Planning for Abolition is a research project that explores what it means to keep cities safe in a ways that supports communities and limits the use of police.
Background and Definitions
When we are thinking about police, we are thinking of it as more than just police and prisons but rather the systems that allow policing and prisons to be the way we solve most of our social issues. Policing systems can include putting surveillance cameras in low-income neighborhoods, removing the unhoused from their tents and many more. Many of these systems are used or enforced by urban planners and the decisions they make when they are designing neighbourhoods. We want to find out how urban planners can limit the use of these policing systems while still designing safe spaces for everyone. One way we are exploring this question is looking into the concept of abolition. We understand abolition as the goal to think about other solutions beyond prisons and police to solve societies problems through providing people with care support and resources rather than punishment. The concept of “abolition” is already being discussed and practiced by many organizations even if the term abolition isn’t being used.
Our research starts by collecting stories from independent podcasts of folks who are thinking and practicing abolition from all walks of life so that we understand abolition from many different perspectives. We will then analyze all the stories and information we have gathered and see what some of the common themes are. Then we will reach out to Canadian practicing urban planners to understand how much they know about policing systems and abolition. Finally the end goal will to show planners what we have learned from community members and abolition researches by providing a tool that outlines some strategies of how to plan safe cities with limited policing systems.

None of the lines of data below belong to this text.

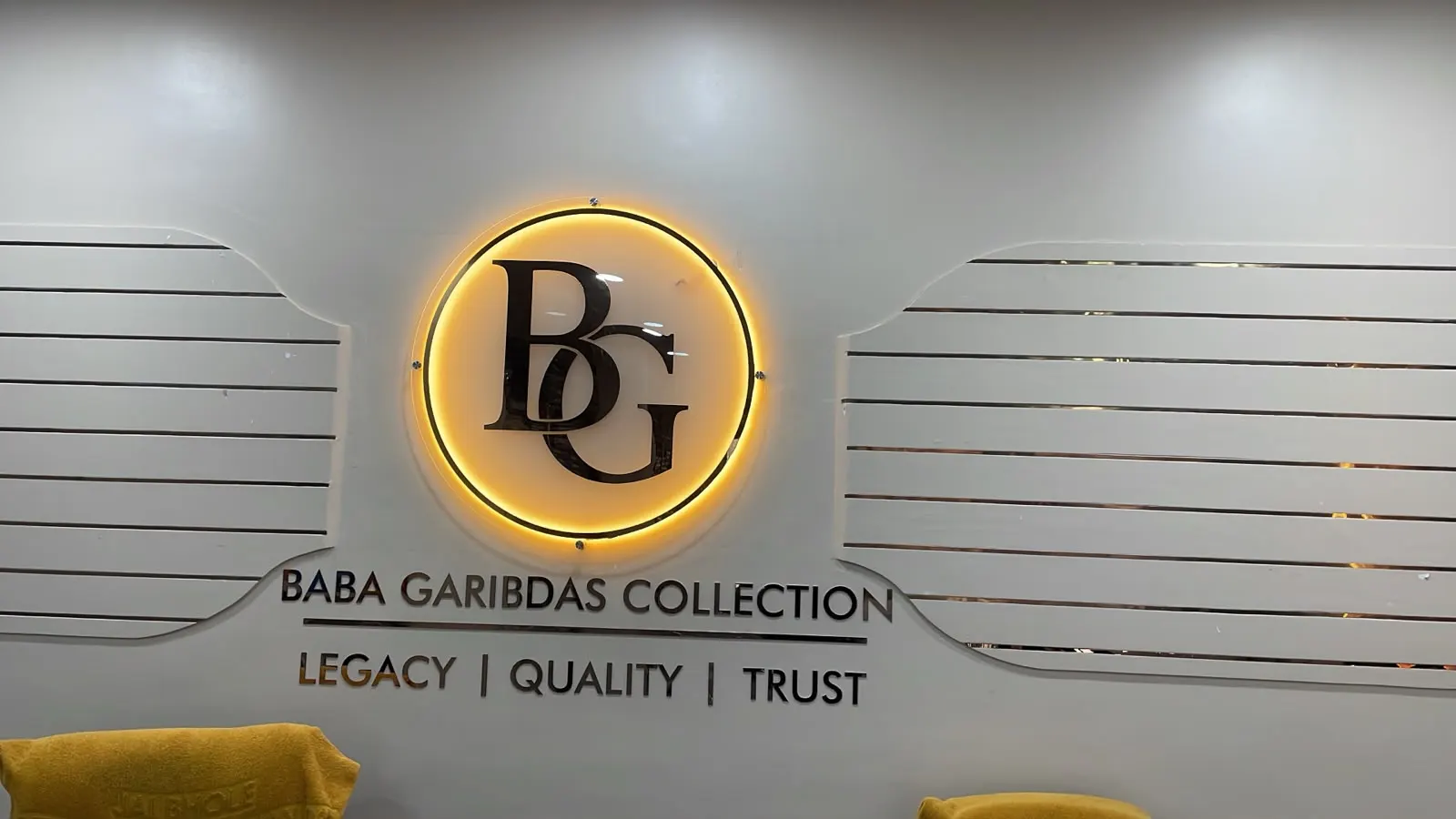 Custom illuminated brand logo wall display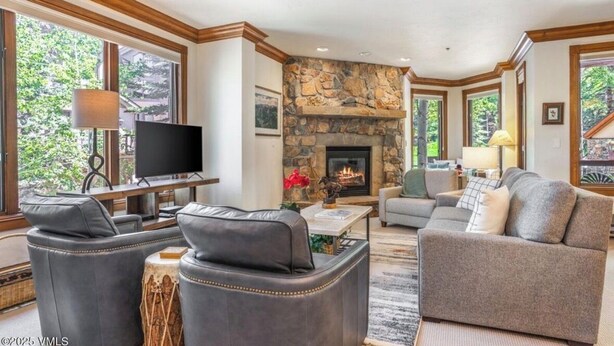 A spacious living room with a stone fireplace, leather sofas, and a flat-screen TV. - DON'T MISS THIS TRUE SKI IN/SKI OUT VILLAGE GEM, PRIME LOCATION, SLEEPS 5 (Beaver Creek)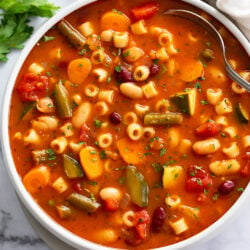 Minestrone Soup in a white bowl with a spoon on the side.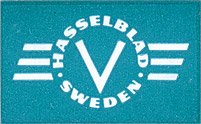 The "HASSELBLAD SWEDEN" winged-V logo as it appeared on the box of an "EXTENSION TUBE No. 20", dating from the 1950-1957 period.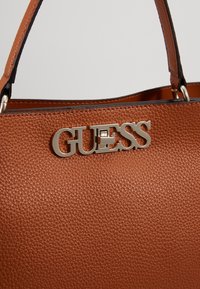 Sac à main en cuir marron texturé avec logo GUESS métallique et deux bandoulières sur un fond clair uni.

Your role would be to give us permission to use and analyze the audio and transcript of your podcast. If your podcast is not transcribed, our research team will produce transcriptions and will share them back with you. Once you agree to be involved you will be asked to fill out a consent form where you will outline how much access you are comfortable giving us.

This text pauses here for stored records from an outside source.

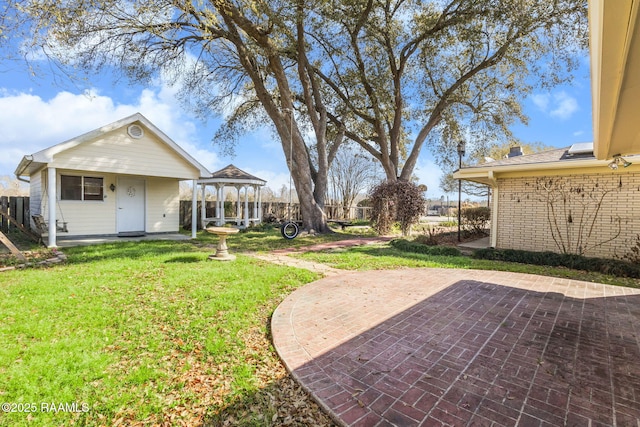 view of yard featuring a gazebo, a patio, and fence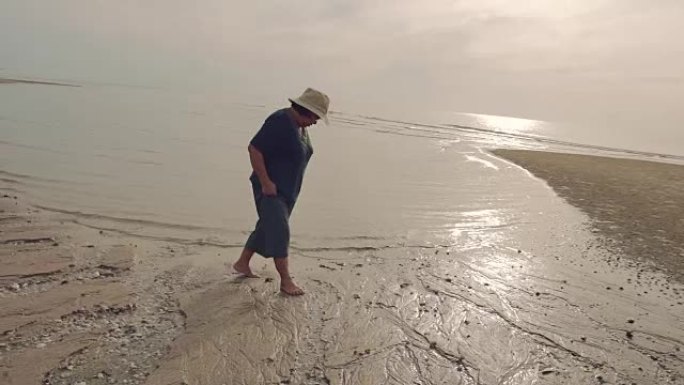 祖母在假期在海滩上散步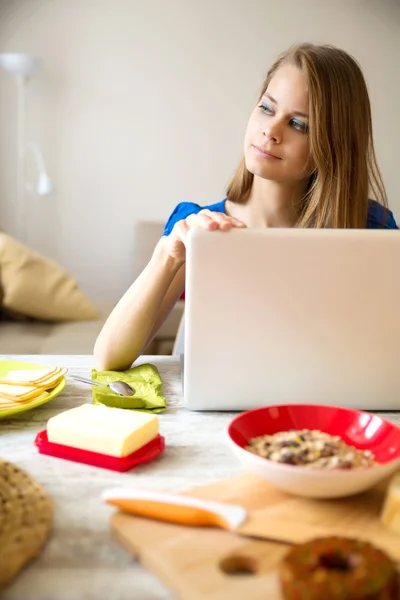 Młoda kobieta o śniadanie podczas korzystania z komputera przenośnego — Zdjęcie stockowe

We would also like to invite you to participate in up to three feedback sessions currently scheduled between March and September. These feedback sessions are an opportunity for us get feedback from you directly as experts on the research and analysis we have done, and to collaborate further on how to initiate future research driven by your work and questions. For your involvement we are offering a $500cad for the usage of your podcast and additionally up to $1,000cad for participating in the feedback sessions.